La votación, por añadidura, dio pie a la interpretación de la “denegación fáctica de la confianza” sobre la que el presidente se basó para decretar la disolución del Congreso: una medida cuya constitucionalidad tiene defensores y detractores de toda laya.
Así las cosas, era obvio que las dos materias tenían que ser sometidas a la atención del TC, única instancia con la autoridad necesaria para resolver las dudas que se cernían en torno a ellas. Solo de esa manera el camino por el que se terminase optando gozaría de la legalidad y legitimidad que la institucionalidad que todos nos hemos comprometido a respetar demanda.
Surgieron, sin embargo, inmediatamente voces que trataron de objetar esa posibilidad; particularmente en lo que concierne a la contienda competencial. Si el Parlamento estaba ya disuelto, decían, su titular no tenía derecho a preguntarle al TC si la disolución había sido constitucional… porque ya estaba disuelto. Un argumento que, a todas luces, se mordía la cola.

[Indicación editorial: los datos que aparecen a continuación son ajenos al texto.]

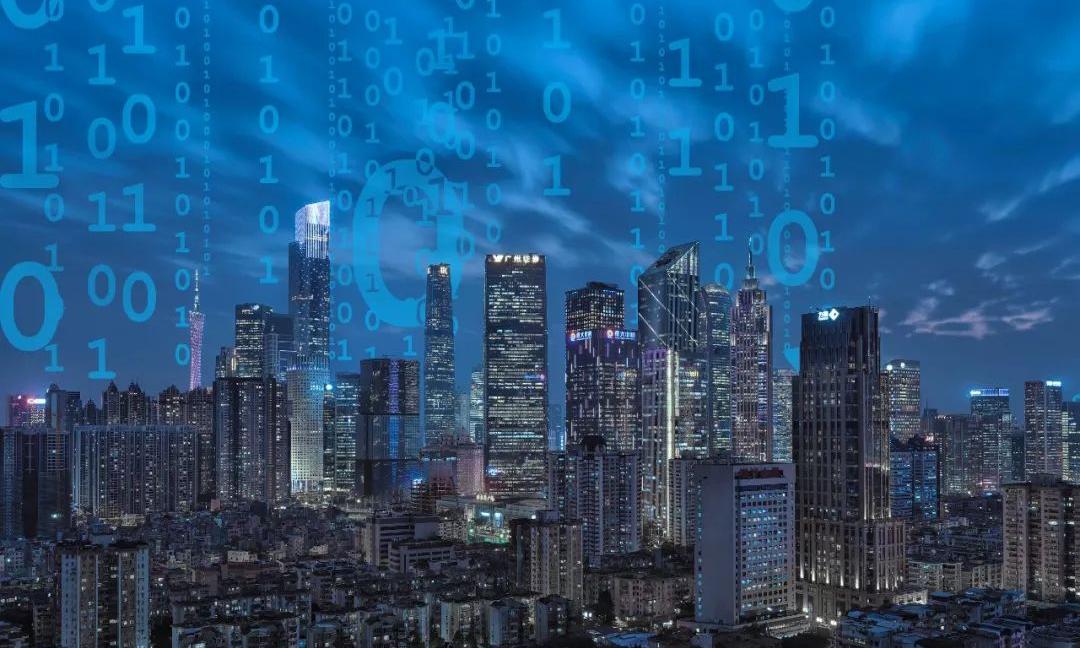 数字政府：新疆生产建设兵团信息资源目录体系建设项目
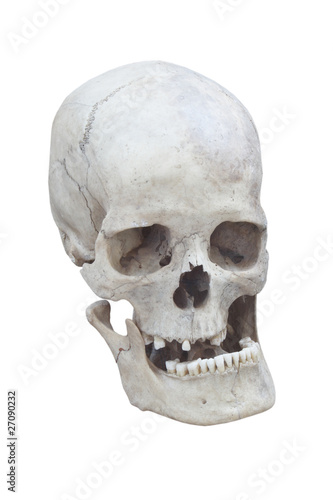 real male skull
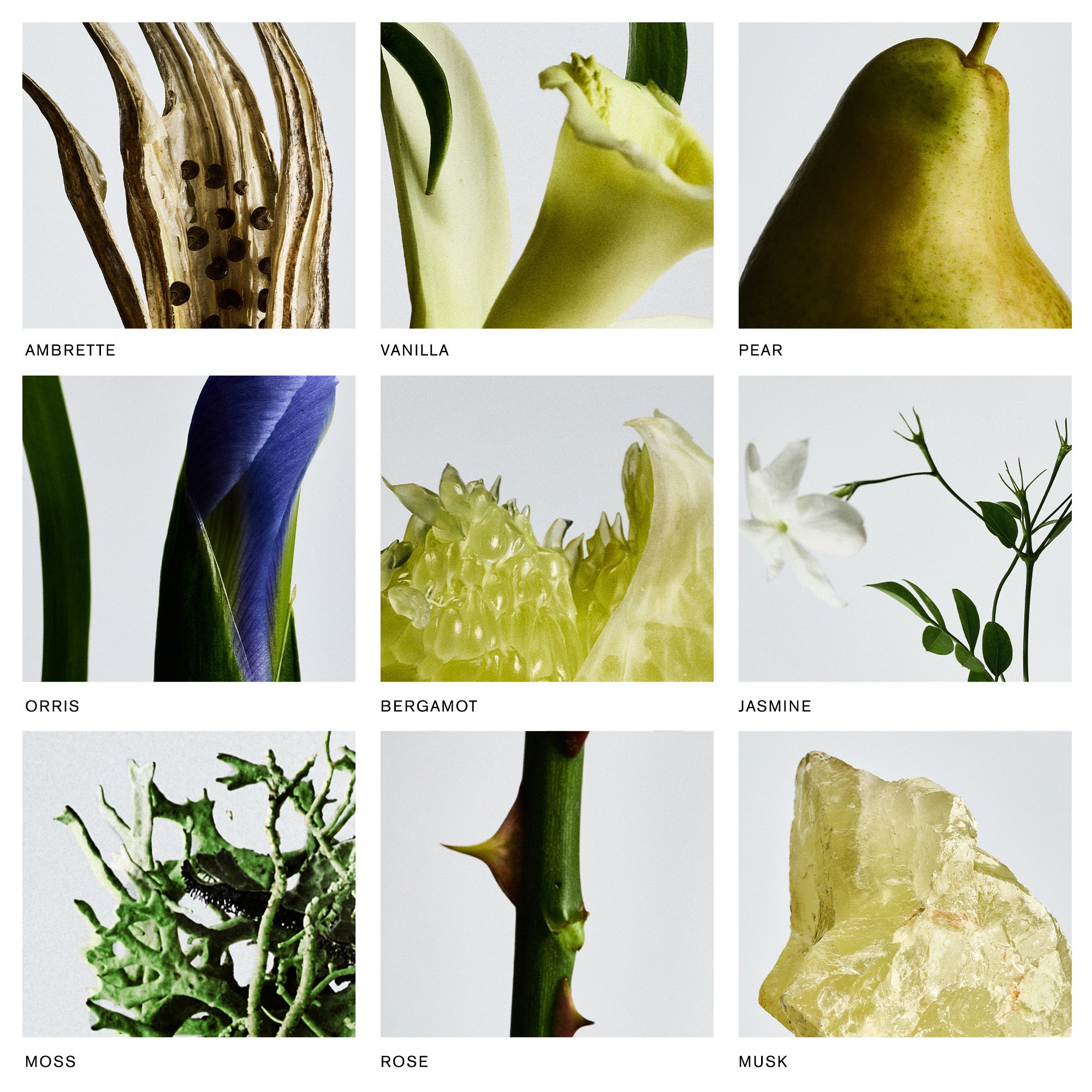 Retrospect-Ingredients.jpg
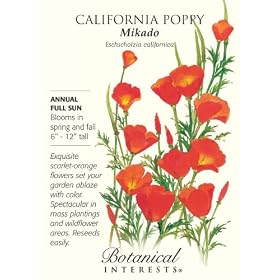 California Poppy Seeds 500 Seeds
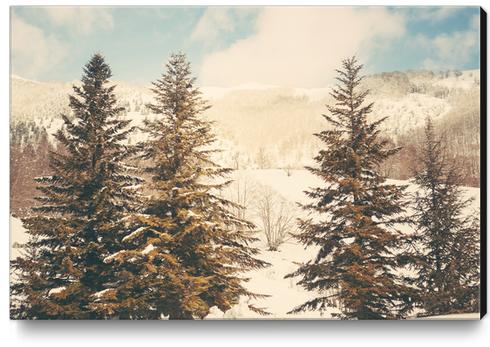 Mountains in the background XI Canvas Print by Salvatore Russolillo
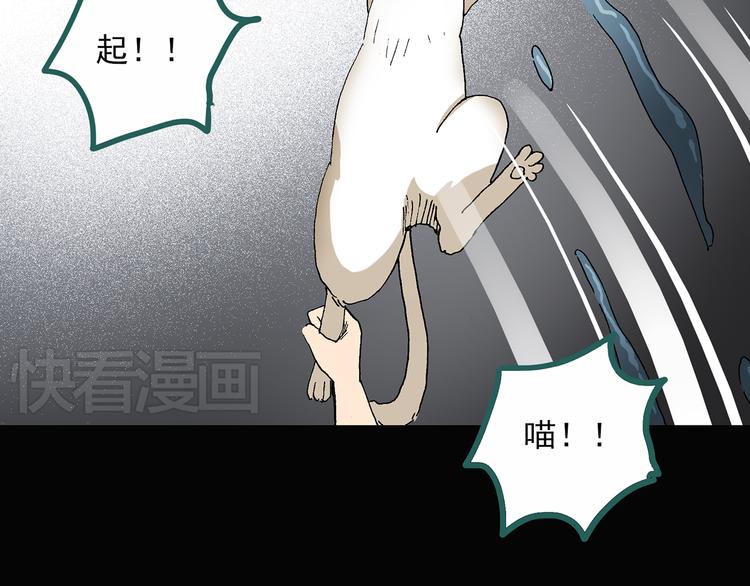 《怪奇实录》漫画最新章节第31话  怪之猫（下）免费下拉式在线观看章节第【74】张图片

El solo hecho de que Olaechea presentase los documentos en nombre del Parlamento e identificándose como su presidente –lo que, en la lógica de su demanda, es consistente– provocó que el presidente lo acusase de “usurpador” y lanzara de manera poco disimulada al procurador de la PCM a denunciarlo como tal ante la fiscalía: una actitud que ya hemos criticado aquí por lo contradictoria que resulta con declaraciones previas del propio mandatario sobre su disposición a respetar lo que el TC determinase sobre el decreto supremo con el que ordenó la disolución.
Por eso, consideramos que ha hecho bien el titular del TC en no dejarse aturdir por esos cargos agitados desde el Ejecutivo que dan el asunto por “fácticamente” ya resuelto y el clamor, indiscutiblemente mayoritario, que desde las calles reclama que así sea. La ley –se sabe, pero se olvida fácilmente– no puede ser cualquier cosa que el humor cambiante de una multitud determine.
Introducir, en consecuencia, una dosis de racionalidad en todo este trance es lo que hacía falta. En realidad, lo ideal sería que el TC no se detuviese en cuestiones de procedimiento para no pronunciarse sobre el fondo del asunto. Es decir, que admitiese la cuestión de competencia para dar una opinión sobre ella en lugar de librar el bulto pretextando requisitos siempre a la mano.
Si se elige esa manera elíptica de dejar las cosas como están, la duda constitucional quedará abierta y la guerra en torno a ella continuará, hasta que la historia se encargue de sancionar de qué lado estaba la razón. Pero para eso pueden pasar años y hasta décadas, y el país no debería seguir caminando con esa herida.
De cualquier forma, este paso inicial es positivo. Escuchemos con atención lo que los magistrados del TC tienen que decir antes de estar tratando de ganar este debate por aclamación.